### REQUIRED ACTION:
Only these lines of the data below are wanted: the one with "媒体人：泽连斯基想留条后路 退路成绝路", the one with "Best Hair Colors for Hazel Eyes in 2026", and any lines between them, each repeated exactly.

Data entries
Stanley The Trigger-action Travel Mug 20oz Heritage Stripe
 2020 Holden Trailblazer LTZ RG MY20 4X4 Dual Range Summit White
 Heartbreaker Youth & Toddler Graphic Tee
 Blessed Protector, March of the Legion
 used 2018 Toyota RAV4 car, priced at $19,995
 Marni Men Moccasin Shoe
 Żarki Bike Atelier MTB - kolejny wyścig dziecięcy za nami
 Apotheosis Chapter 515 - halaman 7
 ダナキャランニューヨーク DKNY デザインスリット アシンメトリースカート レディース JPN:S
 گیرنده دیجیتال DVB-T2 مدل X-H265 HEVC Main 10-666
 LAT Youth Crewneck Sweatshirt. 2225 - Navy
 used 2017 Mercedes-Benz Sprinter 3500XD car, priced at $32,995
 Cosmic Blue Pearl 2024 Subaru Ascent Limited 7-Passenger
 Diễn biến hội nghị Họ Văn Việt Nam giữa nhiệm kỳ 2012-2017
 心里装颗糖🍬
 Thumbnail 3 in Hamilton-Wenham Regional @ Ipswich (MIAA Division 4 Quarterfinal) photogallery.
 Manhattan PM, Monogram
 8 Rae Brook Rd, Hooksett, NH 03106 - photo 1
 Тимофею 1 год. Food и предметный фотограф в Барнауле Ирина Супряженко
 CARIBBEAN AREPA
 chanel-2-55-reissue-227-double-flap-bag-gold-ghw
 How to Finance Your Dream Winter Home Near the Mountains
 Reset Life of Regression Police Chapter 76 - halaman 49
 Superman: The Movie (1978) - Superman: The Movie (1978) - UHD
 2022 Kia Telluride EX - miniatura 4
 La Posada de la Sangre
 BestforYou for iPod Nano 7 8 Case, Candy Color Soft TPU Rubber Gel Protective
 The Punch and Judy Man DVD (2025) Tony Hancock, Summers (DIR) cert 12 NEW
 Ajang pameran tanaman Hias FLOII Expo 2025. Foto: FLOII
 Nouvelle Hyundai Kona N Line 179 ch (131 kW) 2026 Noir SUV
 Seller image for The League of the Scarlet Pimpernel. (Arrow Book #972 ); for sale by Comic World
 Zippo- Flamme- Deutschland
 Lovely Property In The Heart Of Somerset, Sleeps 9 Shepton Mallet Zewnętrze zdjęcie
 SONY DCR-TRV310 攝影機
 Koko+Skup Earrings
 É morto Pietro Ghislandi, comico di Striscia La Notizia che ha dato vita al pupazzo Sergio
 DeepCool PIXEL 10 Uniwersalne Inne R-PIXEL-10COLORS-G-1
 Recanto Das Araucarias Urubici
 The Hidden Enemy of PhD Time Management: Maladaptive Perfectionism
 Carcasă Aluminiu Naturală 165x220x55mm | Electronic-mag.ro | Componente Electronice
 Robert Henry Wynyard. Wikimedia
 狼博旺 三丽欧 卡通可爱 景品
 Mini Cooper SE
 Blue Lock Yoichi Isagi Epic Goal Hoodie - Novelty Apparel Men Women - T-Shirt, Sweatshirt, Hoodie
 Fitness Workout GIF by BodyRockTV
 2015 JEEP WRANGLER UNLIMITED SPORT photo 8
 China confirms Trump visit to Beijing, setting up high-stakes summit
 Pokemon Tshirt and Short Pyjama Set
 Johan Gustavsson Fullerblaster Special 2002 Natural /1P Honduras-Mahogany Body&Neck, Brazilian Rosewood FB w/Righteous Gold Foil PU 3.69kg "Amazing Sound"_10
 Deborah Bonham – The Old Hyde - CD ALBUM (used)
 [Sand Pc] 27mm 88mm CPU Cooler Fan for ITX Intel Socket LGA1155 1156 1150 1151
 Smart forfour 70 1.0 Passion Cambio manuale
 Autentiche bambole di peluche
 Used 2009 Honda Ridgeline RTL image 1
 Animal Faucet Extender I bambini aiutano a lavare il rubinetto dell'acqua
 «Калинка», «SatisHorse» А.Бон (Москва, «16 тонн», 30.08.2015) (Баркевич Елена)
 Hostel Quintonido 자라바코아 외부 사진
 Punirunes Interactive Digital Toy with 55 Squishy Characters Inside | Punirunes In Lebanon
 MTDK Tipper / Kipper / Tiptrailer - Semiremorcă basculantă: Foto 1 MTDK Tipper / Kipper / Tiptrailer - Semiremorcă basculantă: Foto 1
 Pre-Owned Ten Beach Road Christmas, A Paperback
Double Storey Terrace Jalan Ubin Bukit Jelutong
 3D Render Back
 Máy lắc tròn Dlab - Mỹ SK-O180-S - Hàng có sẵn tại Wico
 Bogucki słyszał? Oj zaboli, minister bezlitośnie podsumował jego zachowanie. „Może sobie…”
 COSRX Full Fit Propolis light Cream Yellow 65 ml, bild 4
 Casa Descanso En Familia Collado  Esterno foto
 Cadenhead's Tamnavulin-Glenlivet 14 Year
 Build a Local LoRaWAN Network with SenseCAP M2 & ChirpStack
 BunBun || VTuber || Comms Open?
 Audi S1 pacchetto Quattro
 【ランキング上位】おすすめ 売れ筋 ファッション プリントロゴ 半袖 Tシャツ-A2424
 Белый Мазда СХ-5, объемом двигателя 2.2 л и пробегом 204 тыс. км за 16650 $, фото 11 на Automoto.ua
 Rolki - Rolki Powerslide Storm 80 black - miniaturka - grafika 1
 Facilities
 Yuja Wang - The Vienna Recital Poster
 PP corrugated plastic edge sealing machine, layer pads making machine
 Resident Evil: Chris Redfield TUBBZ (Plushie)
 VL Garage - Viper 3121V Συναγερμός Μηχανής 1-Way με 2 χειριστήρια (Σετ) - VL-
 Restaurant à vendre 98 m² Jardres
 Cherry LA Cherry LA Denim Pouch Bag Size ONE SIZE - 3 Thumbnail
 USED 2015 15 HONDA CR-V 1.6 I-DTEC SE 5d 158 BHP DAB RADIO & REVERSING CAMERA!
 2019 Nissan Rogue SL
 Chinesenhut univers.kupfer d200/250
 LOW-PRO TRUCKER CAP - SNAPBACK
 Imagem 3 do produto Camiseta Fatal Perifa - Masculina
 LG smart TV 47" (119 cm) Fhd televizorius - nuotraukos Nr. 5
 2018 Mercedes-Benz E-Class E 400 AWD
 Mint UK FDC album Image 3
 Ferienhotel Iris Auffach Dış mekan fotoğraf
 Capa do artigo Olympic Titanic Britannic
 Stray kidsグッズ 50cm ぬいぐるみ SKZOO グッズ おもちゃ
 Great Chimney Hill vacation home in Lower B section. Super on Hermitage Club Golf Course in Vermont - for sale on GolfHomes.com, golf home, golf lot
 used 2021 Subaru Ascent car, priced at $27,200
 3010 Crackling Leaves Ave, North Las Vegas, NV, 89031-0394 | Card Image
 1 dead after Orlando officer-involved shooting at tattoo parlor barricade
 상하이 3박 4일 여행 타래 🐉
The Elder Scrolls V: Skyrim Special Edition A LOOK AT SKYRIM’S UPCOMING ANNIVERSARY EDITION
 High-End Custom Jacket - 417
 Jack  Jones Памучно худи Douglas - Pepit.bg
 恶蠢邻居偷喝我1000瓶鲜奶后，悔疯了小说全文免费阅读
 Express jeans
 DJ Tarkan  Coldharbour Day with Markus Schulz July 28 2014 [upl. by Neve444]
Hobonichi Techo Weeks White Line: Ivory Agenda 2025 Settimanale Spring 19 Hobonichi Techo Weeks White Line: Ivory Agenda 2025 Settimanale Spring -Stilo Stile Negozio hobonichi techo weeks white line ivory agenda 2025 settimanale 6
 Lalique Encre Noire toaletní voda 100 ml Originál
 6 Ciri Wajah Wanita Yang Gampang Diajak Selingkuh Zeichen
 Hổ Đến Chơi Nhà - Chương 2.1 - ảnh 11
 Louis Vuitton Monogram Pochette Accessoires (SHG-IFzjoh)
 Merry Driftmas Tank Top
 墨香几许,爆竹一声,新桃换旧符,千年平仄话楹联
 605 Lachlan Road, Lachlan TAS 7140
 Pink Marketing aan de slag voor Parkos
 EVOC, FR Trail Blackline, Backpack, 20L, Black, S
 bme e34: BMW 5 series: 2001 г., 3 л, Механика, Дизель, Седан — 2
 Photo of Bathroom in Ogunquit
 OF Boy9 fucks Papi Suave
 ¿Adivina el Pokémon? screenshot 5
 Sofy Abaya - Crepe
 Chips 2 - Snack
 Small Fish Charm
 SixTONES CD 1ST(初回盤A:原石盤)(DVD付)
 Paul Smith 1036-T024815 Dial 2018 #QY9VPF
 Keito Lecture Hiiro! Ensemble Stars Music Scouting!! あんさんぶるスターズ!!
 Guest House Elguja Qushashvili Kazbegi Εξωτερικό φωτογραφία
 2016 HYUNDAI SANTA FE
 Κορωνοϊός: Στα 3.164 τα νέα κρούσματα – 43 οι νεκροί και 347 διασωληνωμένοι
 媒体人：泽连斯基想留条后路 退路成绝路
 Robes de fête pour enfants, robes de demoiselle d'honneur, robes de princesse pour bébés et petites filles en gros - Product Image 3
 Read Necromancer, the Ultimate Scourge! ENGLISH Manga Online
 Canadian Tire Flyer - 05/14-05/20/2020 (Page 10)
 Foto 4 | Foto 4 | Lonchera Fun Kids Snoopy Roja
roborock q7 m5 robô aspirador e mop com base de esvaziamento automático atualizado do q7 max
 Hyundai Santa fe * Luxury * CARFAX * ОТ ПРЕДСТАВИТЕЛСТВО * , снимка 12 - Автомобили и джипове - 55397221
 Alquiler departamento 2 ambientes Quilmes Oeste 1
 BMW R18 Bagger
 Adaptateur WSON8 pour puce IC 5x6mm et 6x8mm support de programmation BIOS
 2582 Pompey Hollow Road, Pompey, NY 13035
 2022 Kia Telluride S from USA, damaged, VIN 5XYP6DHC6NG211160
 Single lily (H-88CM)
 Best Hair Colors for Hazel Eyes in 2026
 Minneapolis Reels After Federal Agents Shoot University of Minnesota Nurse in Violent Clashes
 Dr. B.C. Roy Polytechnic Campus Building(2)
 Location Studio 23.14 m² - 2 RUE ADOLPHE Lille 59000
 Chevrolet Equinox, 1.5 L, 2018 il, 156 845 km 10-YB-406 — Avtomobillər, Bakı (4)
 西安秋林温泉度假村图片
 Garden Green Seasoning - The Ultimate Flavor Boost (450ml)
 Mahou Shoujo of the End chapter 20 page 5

### PROBLEM SOLUTION:
 媒体人：泽连斯基想留条后路 退路成绝路
 Robes de fête pour enfants, robes de demoiselle d'honneur, robes de princesse pour bébés et petites filles en gros - Product Image 3
 Read Necromancer, the Ultimate Scourge! ENGLISH Manga Online
 Canadian Tire Flyer - 05/14-05/20/2020 (Page 10)
 Foto 4 | Foto 4 | Lonchera Fun Kids Snoopy Roja
roborock q7 m5 robô aspirador e mop com base de esvaziamento automático atualizado do q7 max
 Hyundai Santa fe * Luxury * CARFAX * ОТ ПРЕДСТАВИТЕЛСТВО * , снимка 12 - Автомобили и джипове - 55397221
 Alquiler departamento 2 ambientes Quilmes Oeste 1
 BMW R18 Bagger
 Adaptateur WSON8 pour puce IC 5x6mm et 6x8mm support de programmation BIOS
 2582 Pompey Hollow Road, Pompey, NY 13035
 2022 Kia Telluride S from USA, damaged, VIN 5XYP6DHC6NG211160
 Single lily (H-88CM)
 Best Hair Colors for Hazel Eyes in 2026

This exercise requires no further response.